Instructions to follow:
I'd like the listing below copied exactly, with the images left out.

Given material:
------------------------------------------------------------

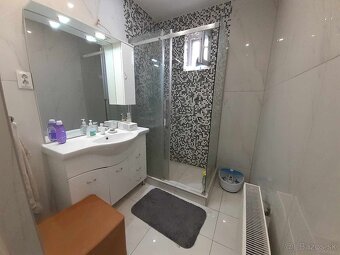 Ponúkame Vám na predaj rodinný dom v meste Encs - 14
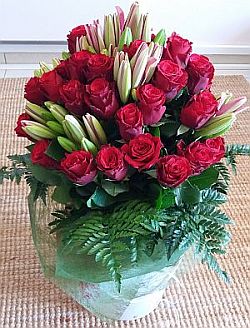 Bouquet of Roses and Lilies
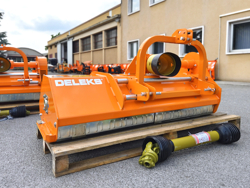 klepelmaaier met zijwaartse verschuiving middelzware uitvoering 140 cm mod. lincione 140 sp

------------------------------------------------------------

Problem solution:
 Ponúkame Vám na predaj rodinný dom v meste Encs - 14
 Bouquet of Roses and Lilies
 klepelmaaier met zijwaartse verschuiving middelzware uitvoering 140 cm mod. lincione 140 sp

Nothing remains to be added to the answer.